• _The task_:
The reply needs the lines from the one containing "NUTRIUPS 6oz Ceramic" through the end of the material, each repeated exactly, and no pictures.

• _Data excerpt_:
________

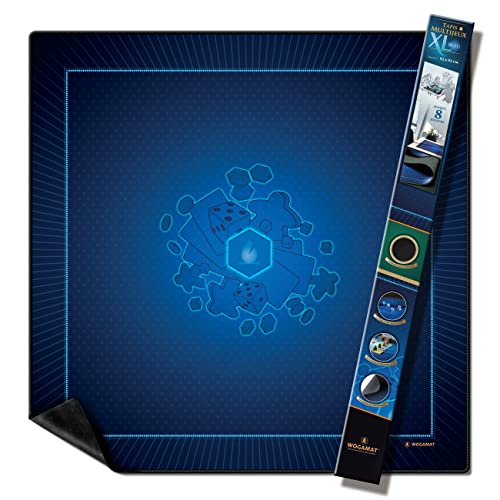 WOGAMAT Große Spielmatte aus Neopren, XL, Blau, 92 x 92 cm, für Kartenspiele, Würfel, Brettspiele – Neopren, leise, dick, waschbar und rutschfest, luxuriöses Finish, Multiplaymatte von WOGAMAT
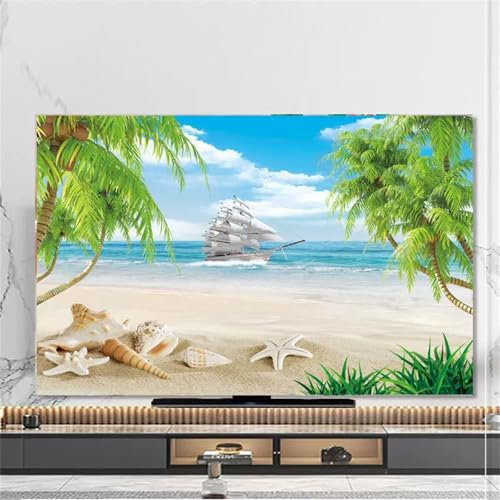 Hixingo Cubierta Antipolvo TV, Patrón Estrella de Mar 3D Cubierta Antipolvo Television Funda para Televisor Elástico Universal 32-80inch Protector de Televisión (Cocotero,40-43inch)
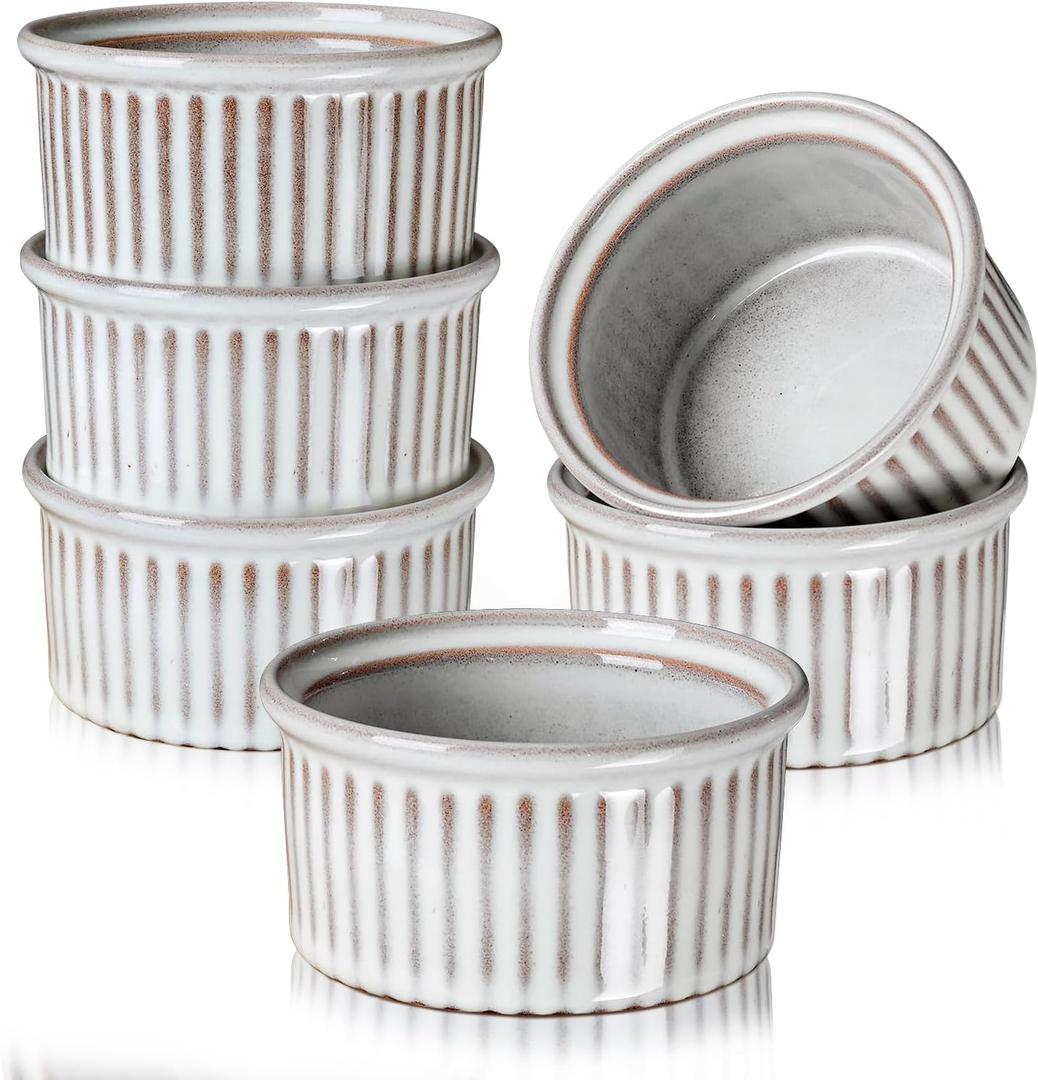 NUTRIUPS 6oz Ceramic Ramekins Set of 6, Vintage Souffle Dishes - Oven Safe Small Baking Bowls for Pudding, Creme Brulee & Custard (Vintage Gray, 6 OZ)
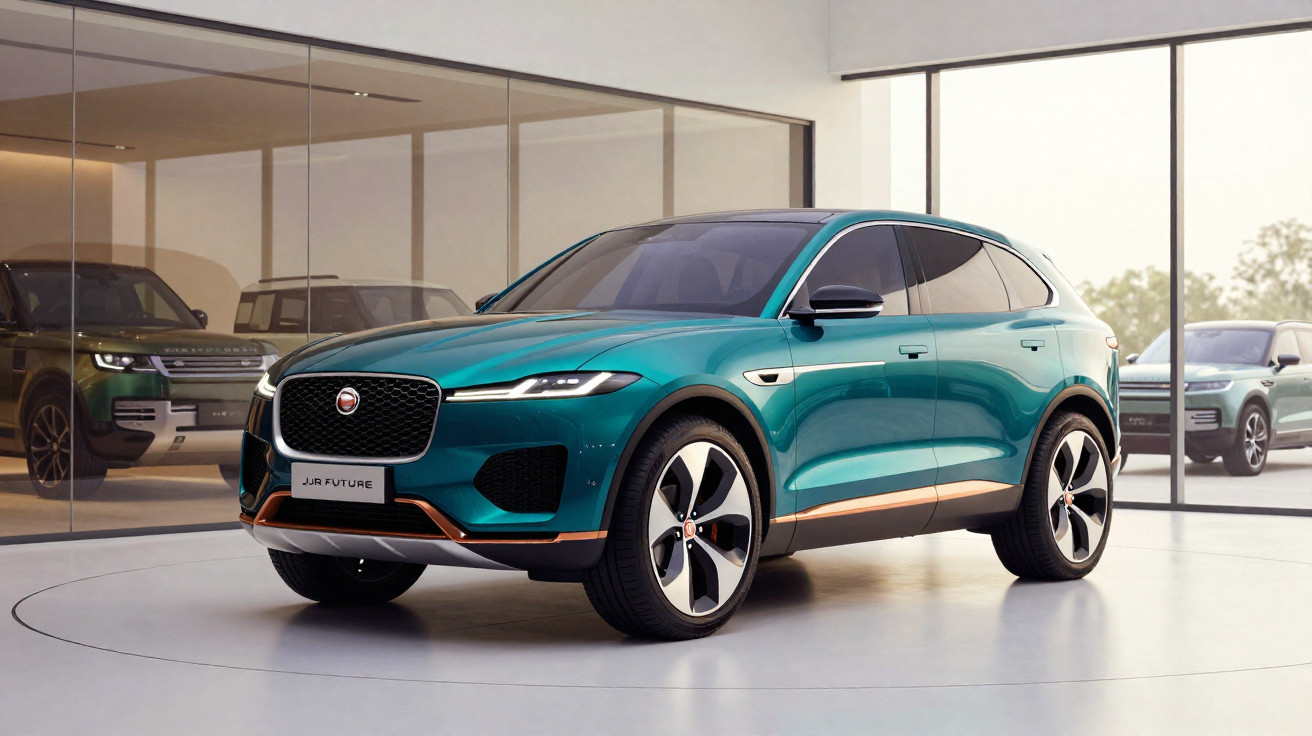 Carro SUV elétrico Jaguar J-PACE verde em exposição em showroom moderno com teto de vidro.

________

• _Answer to this exercise_:
 NUTRIUPS 6oz Ceramic Ramekins Set of 6, Vintage Souffle Dishes - Oven Safe Small Baking Bowls for Pudding, Creme Brulee & Custard (Vintage Gray, 6 OZ)
 Carro SUV elétrico Jaguar J-PACE verde em exposição em showroom moderno com teto de vidro.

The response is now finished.